In 2009, I was invited to the Busan Art Museum, as a participant in Inter-City, an exhibition curated by Gim Jungi. The exhibition suggestively raised the possibility of communicating on a ‘local to local’ level. Rather than emphasizing differences in culture, the exhibition placed its focus upon problems of the city, investigating the ways in which artists respond to their local milieus, throwing a light upon the complex circumstances generated by global capital. Through this experience, I came to know many fascinating artists and activists, who brought me on a tour through the sites of struggle throughout the city, through autonomous spaces and areas where conflicts over land were taking place. Shortly after I returned to Hong Kong, Wooferten formally opened its doors in Yau Ma Tei, an opening that would be followed a few months later by the movement against the Express Railway to China. This concatenation of events made me reflect upon the highly visible parallels and interconnections between cities across Asia. However different the contexts and conditions that divide us are, it seemed to me that we were all entangled in the Nation-Nation State-Capital mesh that Kojin Karatani put forward to describe the structure of modern political history. Art, as a critical and dialogical practice, offered the possibility of constructing subterranean points of escape from this triadic structure, while creating links through which trans-national, trans-territorial networks of resistance could be formed.
At around the same time, a new tendency began to sweep through the art and activist scenes across Asia. Social movements began to employ creative cultural means that spread like a viral contagion across borders. This prompted an urgent reflection- what role, what function does art perform in social struggles? In recent years, I have met many who are preoccupied with the same question, and who have stood on the frontline of struggles or built infrastructures of resistance in neighborhoods.

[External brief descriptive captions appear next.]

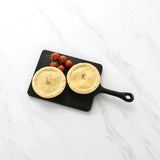 Two uncooked lamb shank and sweet potato pies with cherry tomatoes on a black serving board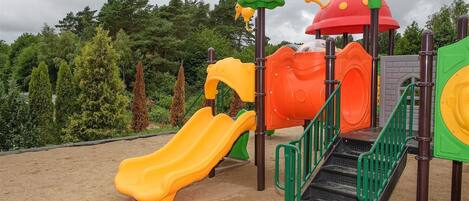 A playground with slides and climbing structures.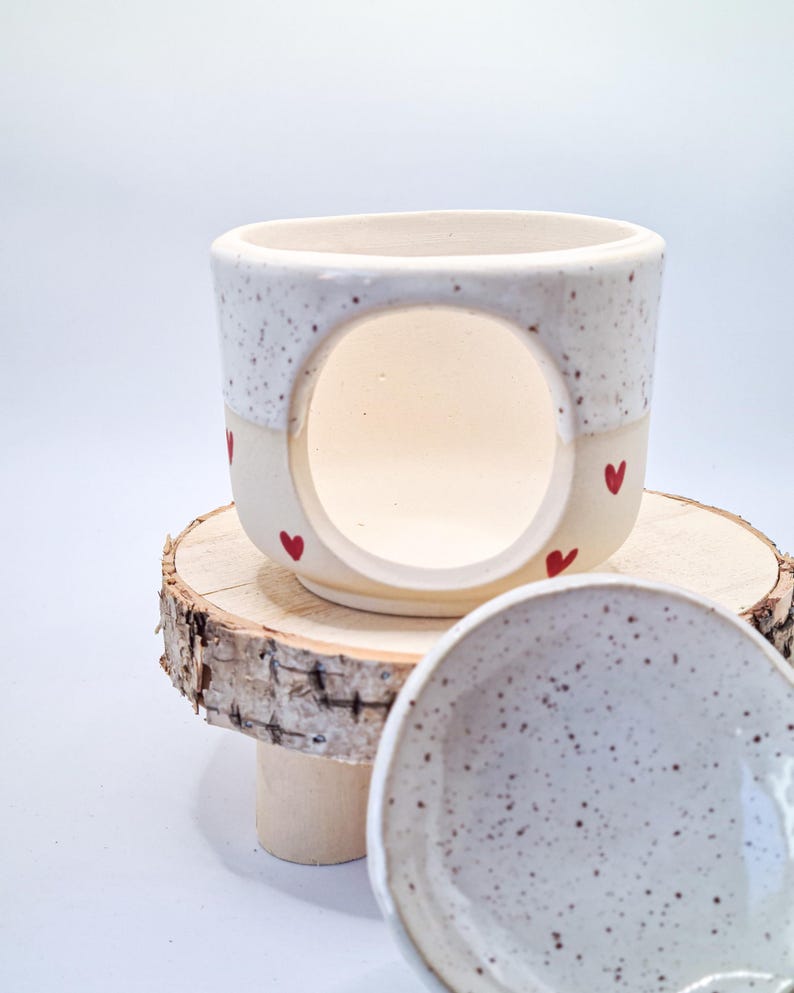 May include: A ceramic wax warmer with a speckled white upper section and a cream-colored base featuring small red heart motifs. The piece has a large circular opening on the front and is accompanied by a matching speckled ceramic dish for wax melts.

These encounters have demonstrated, in exemplary ways, the forms that art can assume in relation to social movements, but I was always left with the feeling that there was no exchange between these various experiments, no way of putting something in circulation between them, so that experiences could be shared and examined collectively. Inspired by these encounters, I decided to transform Wooferten into a place where these experiments, situated at the furthestmost margins of their respective cities, could be placed in proximity with one another.
In conclusion, I would like to make it clear that although this is the first coordinated attempt to record Wooferten’s activities in print, the AAiR scheme is not a central part of Wooferten’s work. Wooferten is firmly lodged in a rich and dense web of social relationships, which is woven and re-woven on a daily basis through everyday exchanges with neighbors. The scheme, which hosts artists for a brief period, necessarily works on a different scale of time than this long-term work. The exchanges that the scheme has facilitated are not, in themselves, a solution to the problems that we collectively face. All we can do is hope that the little sparks of surprise and serendipity that may result from the collision of differences can illuminate the contours of our current situation, while showing us a path beyond it.